# Work to be completed:
Among the entries below, take the line with "24043 Mustang Run" and the line with "Medium Duty Box", and output them and every line between them exactly, with nothing else.

# Dataset records:
• • • •

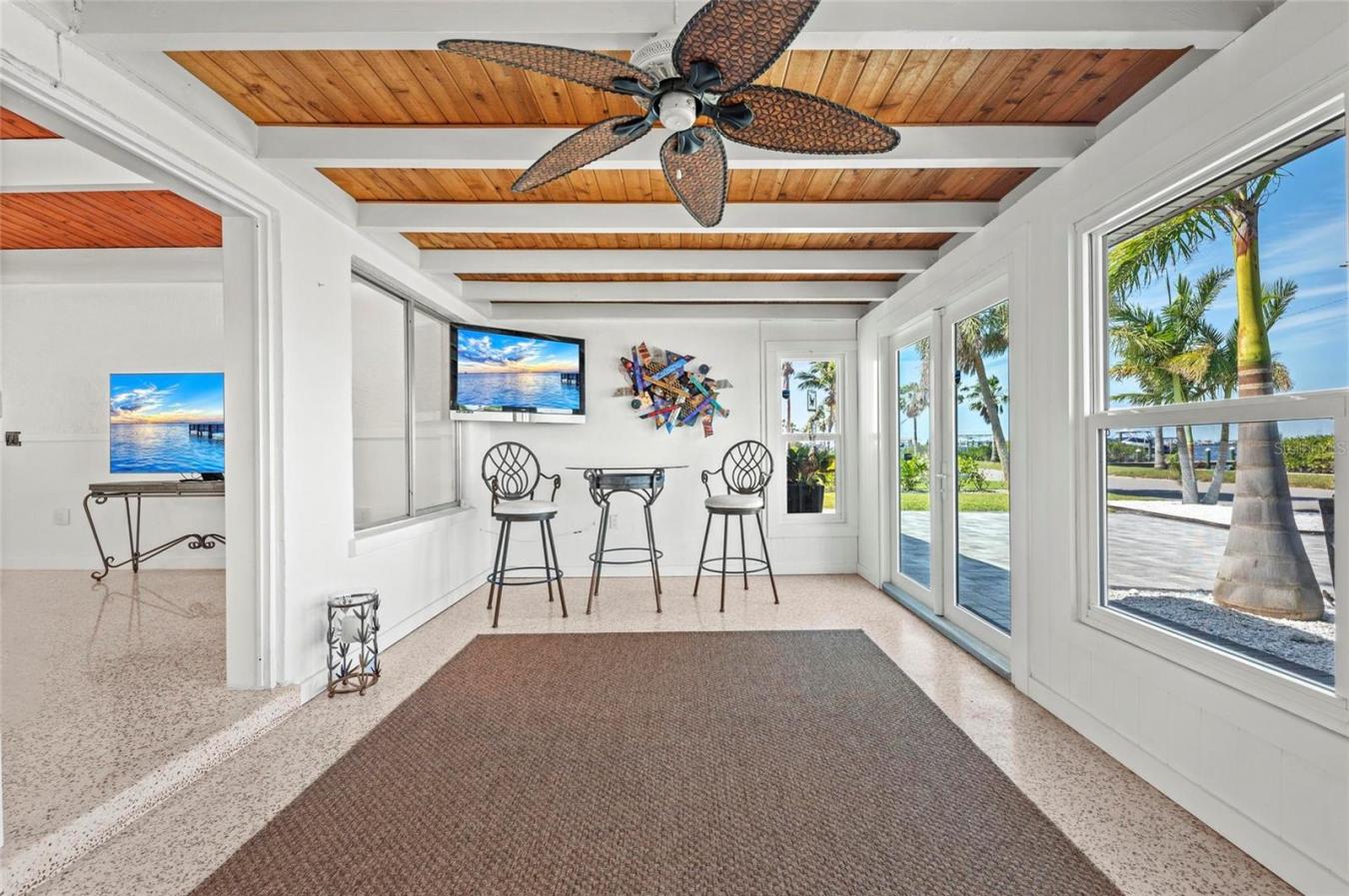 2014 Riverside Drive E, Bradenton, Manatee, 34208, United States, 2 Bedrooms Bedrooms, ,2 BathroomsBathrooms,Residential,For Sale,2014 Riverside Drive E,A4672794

• • • •

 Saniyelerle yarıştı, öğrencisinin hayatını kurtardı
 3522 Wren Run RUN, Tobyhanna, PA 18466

• • • •

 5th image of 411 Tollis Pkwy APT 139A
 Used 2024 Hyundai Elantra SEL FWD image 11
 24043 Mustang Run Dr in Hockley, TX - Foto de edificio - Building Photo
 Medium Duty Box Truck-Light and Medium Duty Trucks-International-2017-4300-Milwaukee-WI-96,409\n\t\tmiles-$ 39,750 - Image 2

• • • •

# Expected output:
 24043 Mustang Run Dr in Hockley, TX - Foto de edificio - Building Photo
 Medium Duty Box Truck-Light and Medium Duty Trucks-International-2017-4300-Milwaukee-WI-96,409\n\t\tmiles-$ 39,750 - Image 2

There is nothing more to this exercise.